### [Exercise prompt]
Set down the data below in full and exactly, minus the pictures.

### [Information provided]
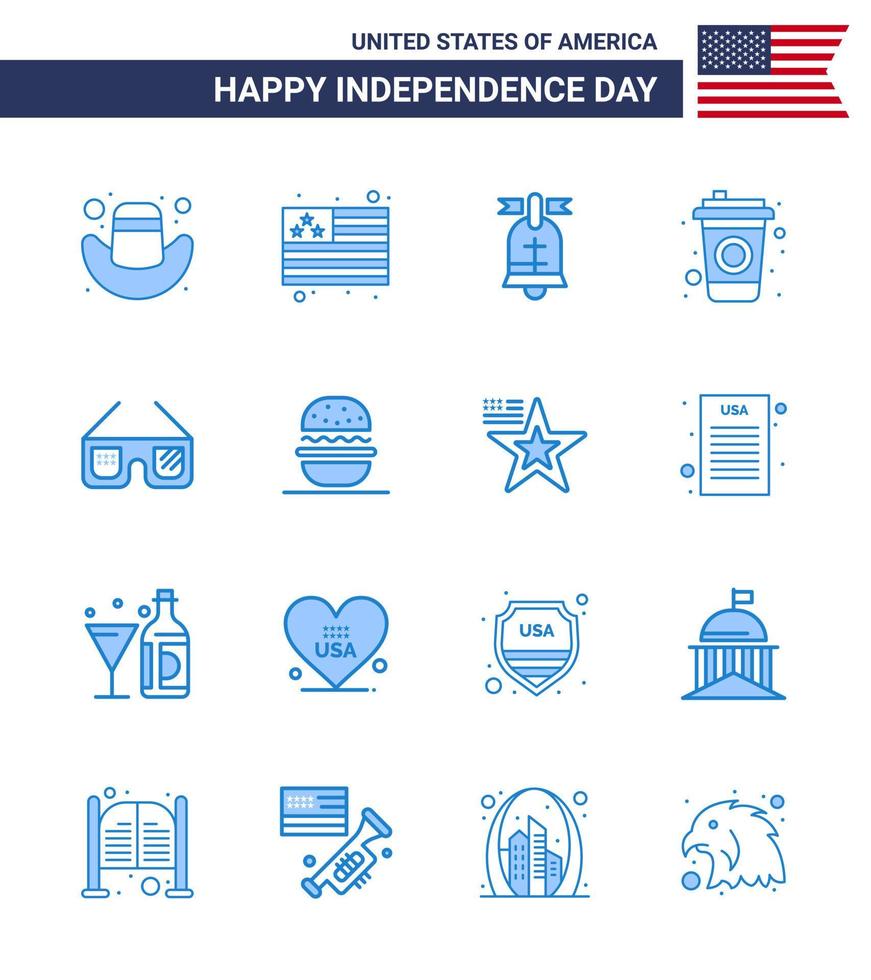 4:e juli USA Lycklig oberoende dag ikon symboler grupp av 16 modern blues av burger amerikansk amerikan glasögon dryck redigerbar USA dag vektor design element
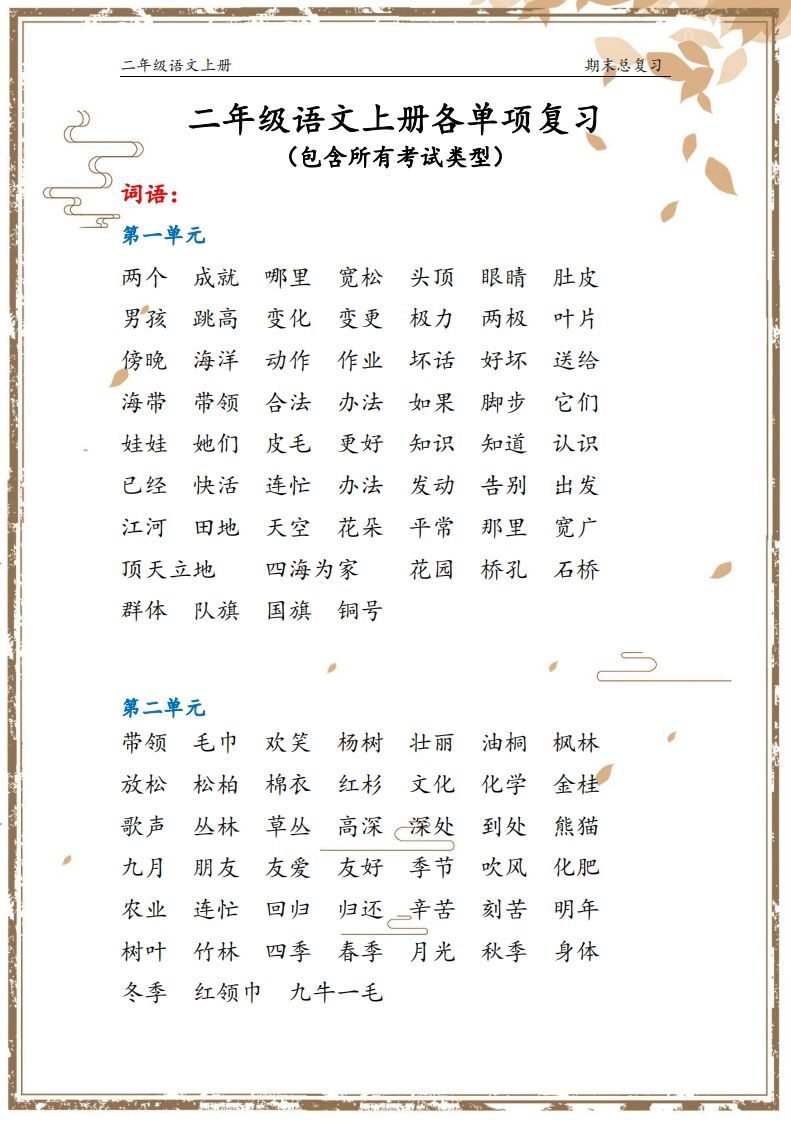 【总复习】二上语文(1)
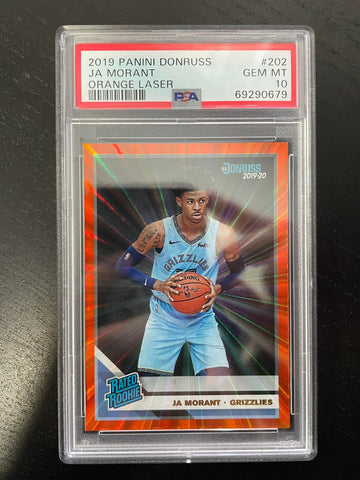2019 PANINI DONRUSS - ORANGE LASER - RATED ROOKIE - J. MORANT - #202 - PSA 10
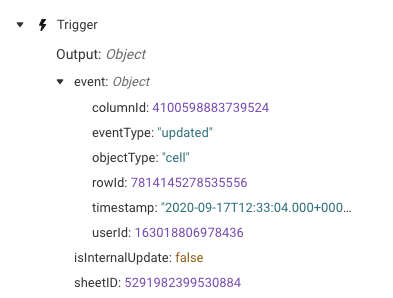 Example Smartsheet run time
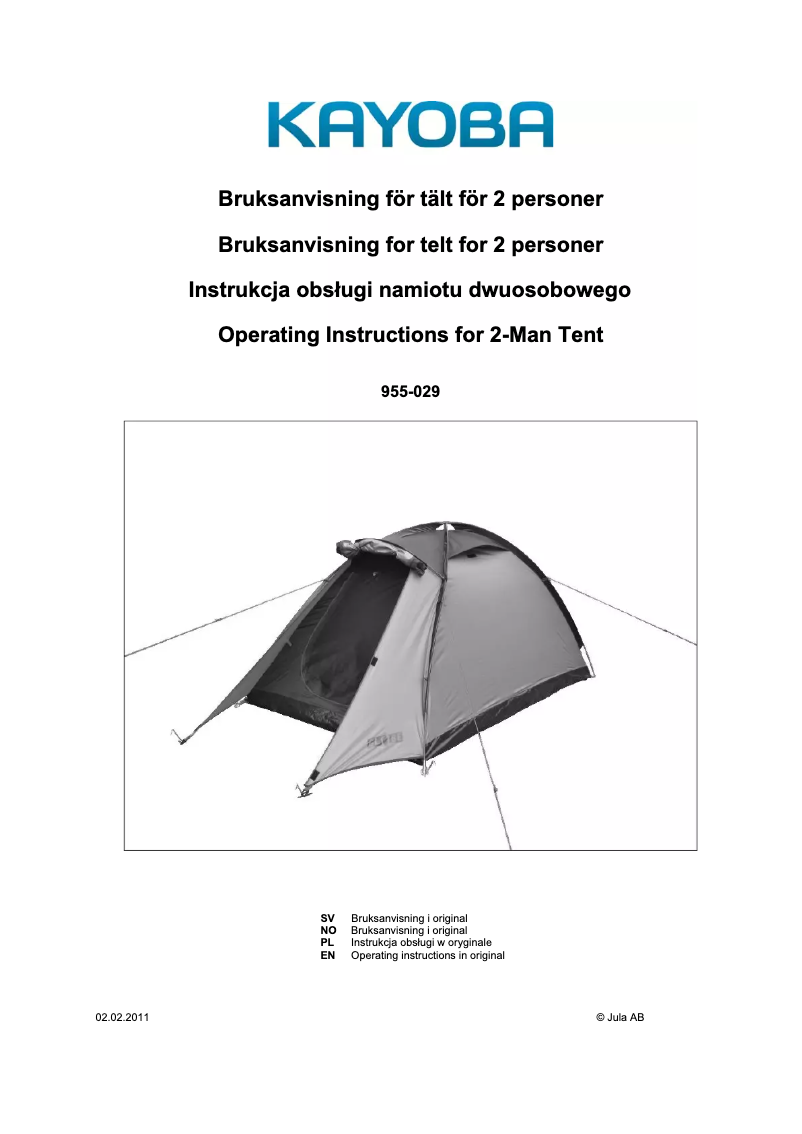 First page image of the manual for 955-029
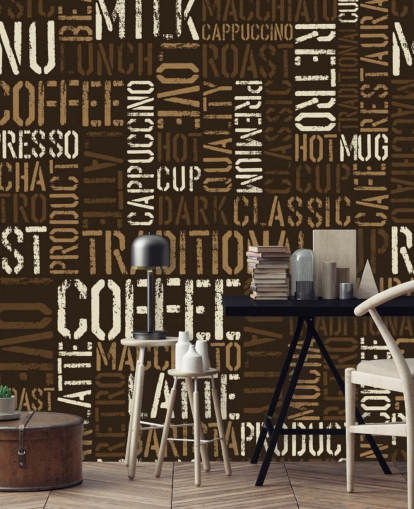 Brown and White Coffee Names Montage Wallpaper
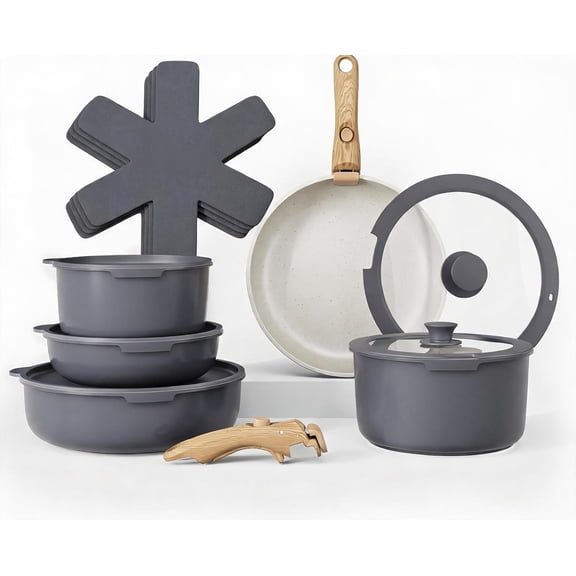 Stackable Cookware Set with Removable Handle Oven and RV Safe Pots and Pans Grey Ivory Wood Handle Original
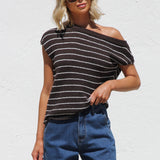 Indie Stripe Knit Top BROWN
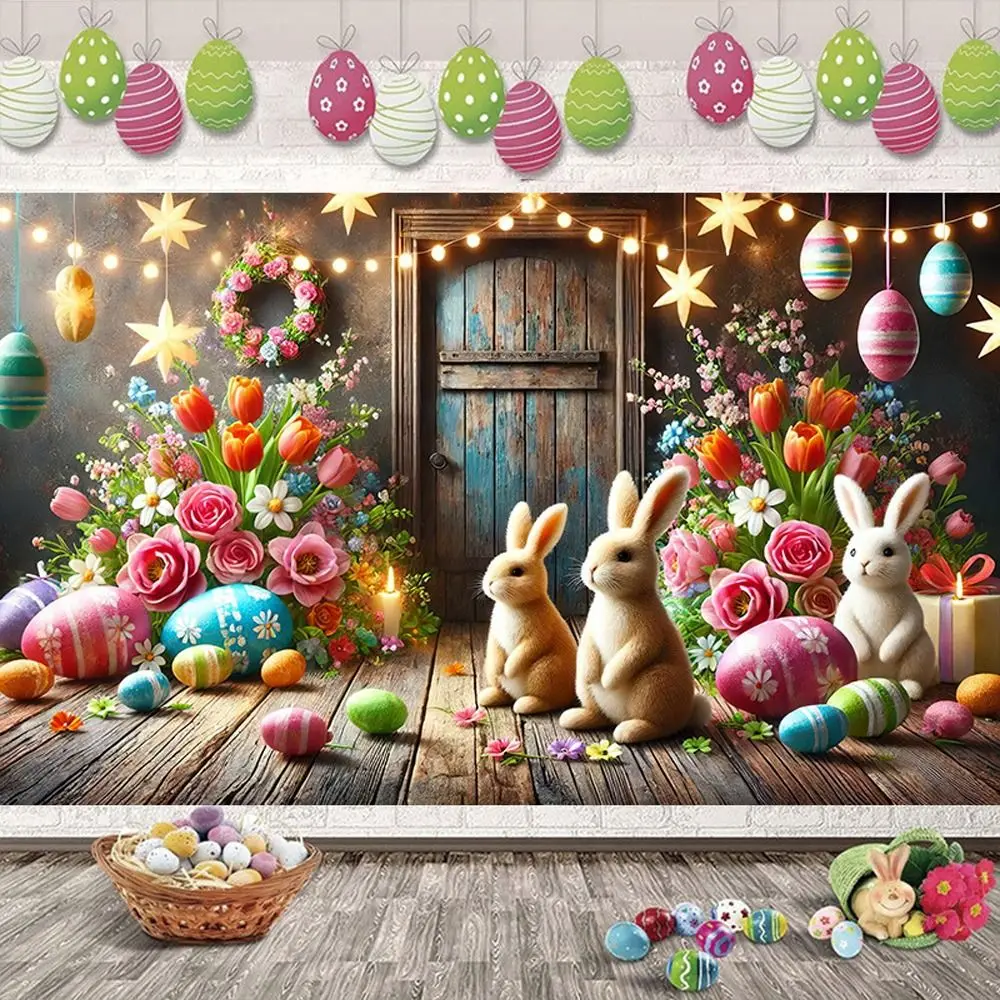 Cartoon Easter Photography Backdrop 180*110cm Flowers Grass Easter Hanging Banner Polyester Colorful Poster Photo Props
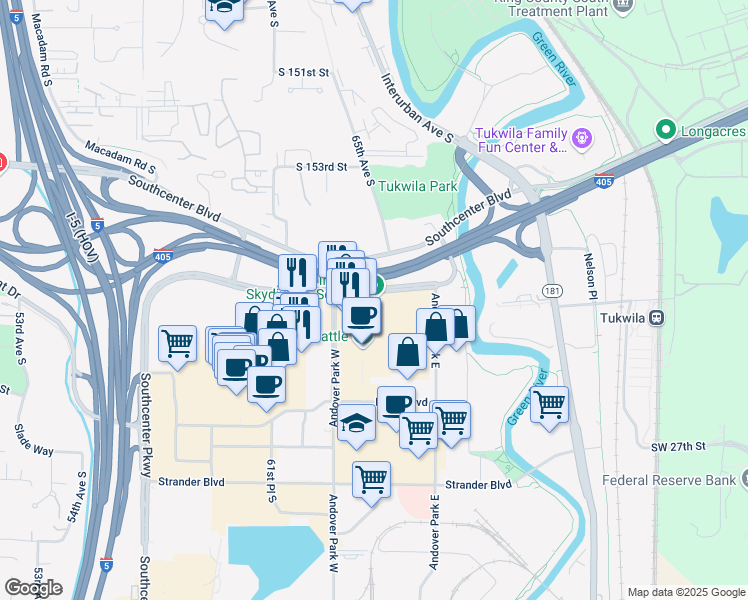 map of restaurants, bars, coffee shops, grocery stores, and more near 349 Tukwila Parkway in Tukwila
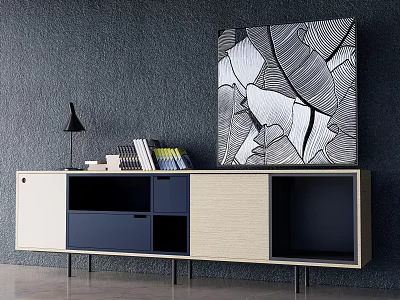 Modern TV Stand With Beige Blue Black Storage Cabinets Abstract Painting Table Lamp And Books 3d model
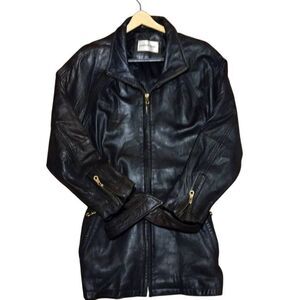 Andrew Marc Leather 3/4 Car Coat Men's Large Black
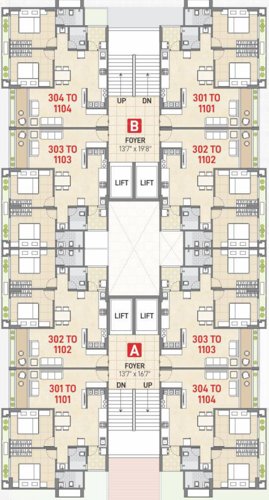  sahajanand-shine Block A+B Cluster Plan from 3rd to 11th Floor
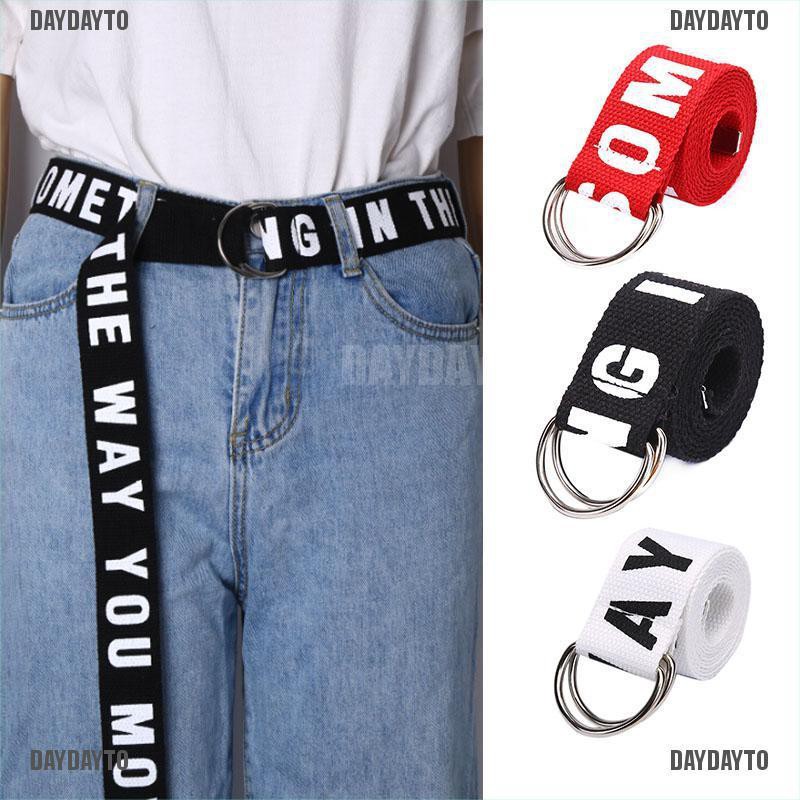 Thắt Lưng Vải Canvas Phối Vòng Chữ D Đôi Phong Cách Harajuku Thời Trang Cho Nam Và Nữ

### [Result]
 4:e juli USA Lycklig oberoende dag ikon symboler grupp av 16 modern blues av burger amerikansk amerikan glasögon dryck redigerbar USA dag vektor design element
 【总复习】二上语文(1)
2019 PANINI DONRUSS - ORANGE LASER - RATED ROOKIE - J. MORANT - #202 - PSA 10
 Example Smartsheet run time
 First page image of the manual for 955-029
 Brown and White Coffee Names Montage Wallpaper
 Stackable Cookware Set with Removable Handle Oven and RV Safe Pots and Pans Grey Ivory Wood Handle Original
 Indie Stripe Knit Top BROWN
 Cartoon Easter Photography Backdrop 180*110cm Flowers Grass Easter Hanging Banner Polyester Colorful Poster Photo Props
 map of restaurants, bars, coffee shops, grocery stores, and more near 349 Tukwila Parkway in Tukwila
 Modern TV Stand With Beige Blue Black Storage Cabinets Abstract Painting Table Lamp And Books 3d model
 Andrew Marc Leather 3/4 Car Coat Men's Large Black
  sahajanand-shine Block A+B Cluster Plan from 3rd to 11th Floor
 Thắt Lưng Vải Canvas Phối Vòng Chữ D Đôi Phong Cách Harajuku Thời Trang Cho Nam Và Nữ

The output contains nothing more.